Welcome to part two of my Scottish food adventure. Here are some more of my favourite meals enjoyed in Glasgow, Edinburgh and the picturesque Highlands. There was just so much beautiful food out there to experience and I manged to sample some fantastic dishes. Here are some more of my highlights.

I enjoyed this beautiful rich seafood chowder at a small inn on the shores of Loch Ness. Full of leeks, herbs, cream and a selection of succulent local seafood it was indulgent and delicious. They served hunks of straight- from- the- oven, house made bread on the side which was perfect for capturing all that delicious liquid. I haven't made chowder for ages and this really inspired me to do just that very soon.




This next dish was just so simple, but it proved yet again that if you use quality ingredients you don't have to fuss around with them too much. This perfectly prepared local smoked salmon was served with a drizzle of parsley oil and fresh herbs, and that was all that was needed for a luscious starter. The salmon had an almost buttery texture that was irresistable against the freshness of the parsley oil. Yum!!




You already know how I feel about meringues *swoon* - and this gorgeous looking specimen that I enjoyed in Edinburgh was pretty much meringue perfection for me. The sweet crunch of the meringue, served with tangy raspberries and marscapone cheese were a knockout. And my goodness, doesn't it look beautiful on the plate?! Like garnet red jewels on a snowdrift. *sigh*


Scottish seafood knocks my socks off again with these fabulous oysters. Freshly shucked, briny, plump and glistening in their shells, they needed nothing but a touch of lemon and a dash of pepper. I just love that pure explosion of sea taste that a very fresh oyster delivers - and these oysters were simply outstanding.




My experience of the following dish was no doubt enhanced by the fact that I ate it whilst sitting out in the gardens of the historic Dornoch Castle Hotel on a crisp highland spring day, overlooking the 12th Century Dornoch Cathedral. But setting aside, I really loved this dish of pork loin and celeriac mash served with a superior black pudding and a creamy mustard and cress sauce. Rich flavours, juicy pork and a beautifully spiced black pudding made this dish so satisfying. 



Visiting old friends in Edinburgh, we had planned to have lunch together and then go off for an afternoon of strolling around the gorgeous city. Unfortunately the strolling never eventuated - lunch kind of stretched out to a four hour, twelve course extravaganza at a fantastic Spanish restaurant my friends Tancred and Evelyn recommended. The afternoon was wonderful - lots of laughter, invigorating discussions and Spanish wine of course! The tapas dishes we enjoyed were outstanding. Each one so full of flavour and perfect for sharing.

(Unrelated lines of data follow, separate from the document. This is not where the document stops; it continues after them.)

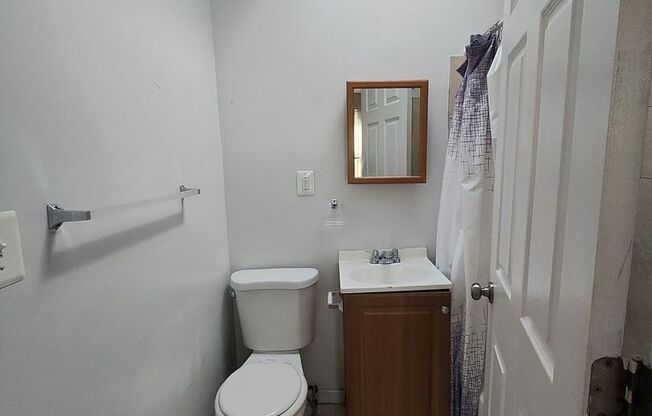 Studio, 1 bath, $825, Unit 2414 Saint Paul Street - 4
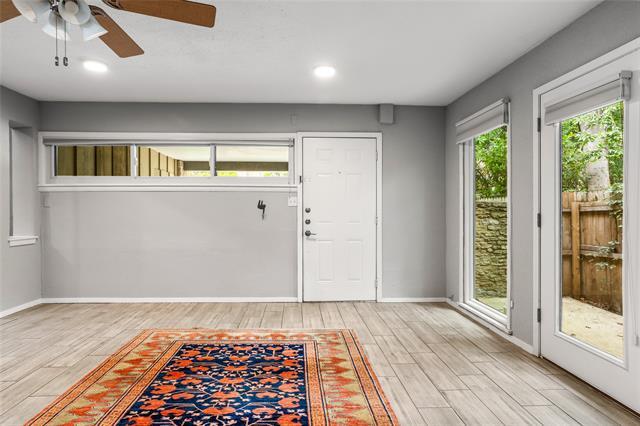 Building Photo - 2733 Sandage Ave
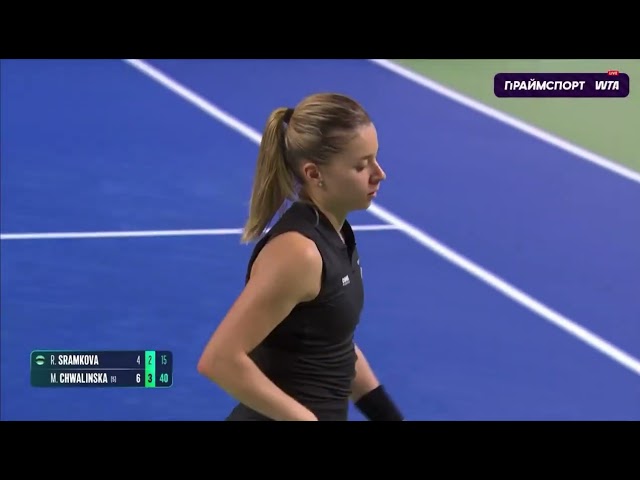 Maja Chwalińska wins the point by hitting a craazy backspin return winner 😳#majachwalinska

So, we started with scallops cooked with leek and crispy jamon, marinated white anchovies and a confit of duck leg served with a sauce of calvados (with duck meat so tender that you literally touched it, and it fell from the bone)



Next on the menu we chose a spicy chorizo stew in a garlicky, chilli tomato gravy - then moist, juicy almond and herbed beef meatballs - and waiter.... please bring us more duck.......oh...the duck......



Evelyn and I are both black pudding fans, so we couldn't resist the black pudding with apples - which was for me one of the standout dishes of the afternoon. The best black pudding I have ever tasted. And it worked so beautifuly with the sweet, caramelised apples. We also enjoyed a selection of spanish cured meats and cheeses, and completely addictive chicken croquettes - we loved them so much we ordered a second batch! Crunchy and crisp on the outside, creamy and rich and decadent on the inside.


As well as a second batch of croquettes, we savoured a whole hot baked goat's cheese with seville oranges (what an inspired combination - rich and sticky and delectable) and fried, spiced chicken with lemon and mustard - the chicken inside the crisp coating was meltingly moist, sweet and tender. Just delicious. Lunch was four hours of complete gastronomic heaven, made all the sweeter by sharing time with dear friends.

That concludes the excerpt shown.